Devoted to the Propagation and Defense of New Testament Christianity
September 26, 1968
NUMBER 21, PAGE 11b-12a

Should We Drink A Little?

Leslie Diestelkamp

In this article we shall not consider medicinal uses of alcoholic beverages, such as were suggested by Paul and Timothy's stomach trouble. I Tim. 5:23. But, aside from this use, and if we practice temperance, should the Christian engage in social drinking? I list the following reasons why the Christian should not drink intoxicants at all:

1. Each of us is a custodian of a powerful influence — for good or bad (Matt. 5:14-16).

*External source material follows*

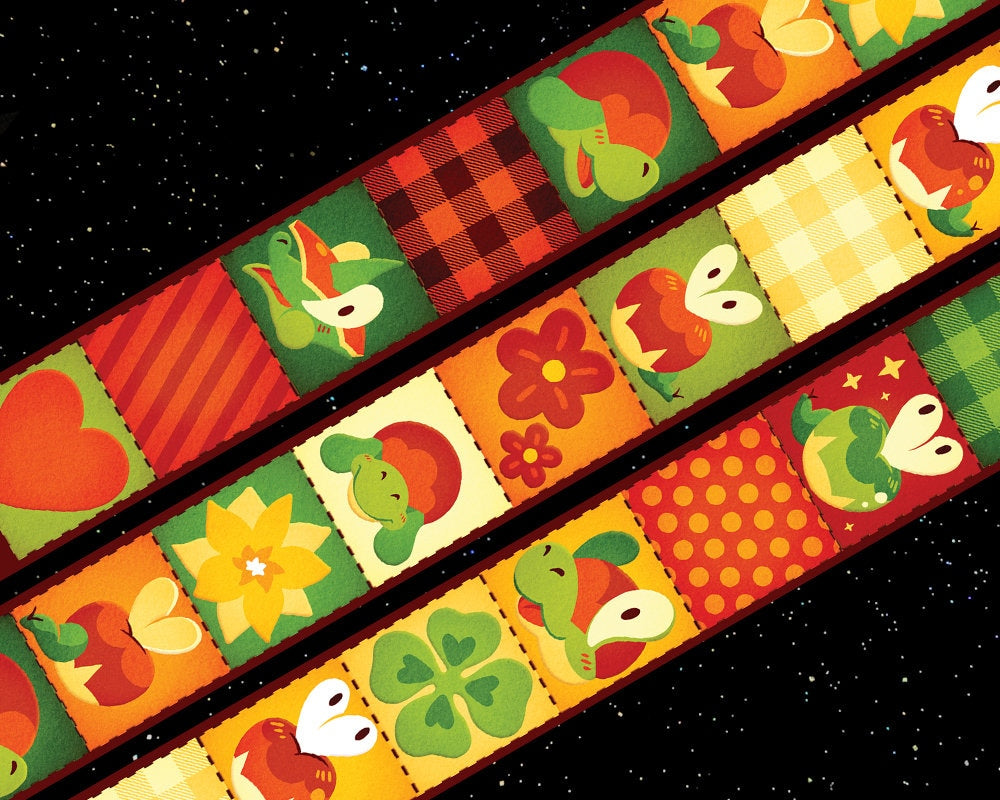 Applin Family Lanyard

Consider: (1) If I drink with a weak and tempted brother will I thus influence him for good or for bad? (2) If I drink, even only a little, and this is known by a clean, pure and untempted youth, will he be strengthened or weakened by my action? (3) If I drink publicly will this be a good example to the world? (4) If I drink secretly will my conscience accuse me of hypocrisy? (Rom. 14:23)

2. The Holy Spirit warns of the dangers of intoxicants: "Look not upon the wine when it is red, when it giveth its color in the cup, when it moveth itself aright. At last it biteth like a serpent and stingeth like an adder" — (Prov. 23:31,32). The context had previously warned of the results of drinking much, but this text warns of the danger of looking upon it — that is, of favorably contemplating it.

3. All Christians agree that drinking much and the consequent drunkenness is indeed sinful (Gal. 5:21). But drinking much is always preceded by drinking little. Every drunkard began with "just a little nip." No drunkard ever intended to be one! and we should not deliberately subject our bodies to unnecessary temptation. This cannot be compared to over-eating for there is nothing about food that enslaves man — that attacks his nervous system so that he may be unable to resist. But intoxicants attack man and upon some men the drink fastens itself so forcefully that he can hardly resist taking more and more. It imposes a bondage upon him which is not true of food even in the person who sinfully over-eats.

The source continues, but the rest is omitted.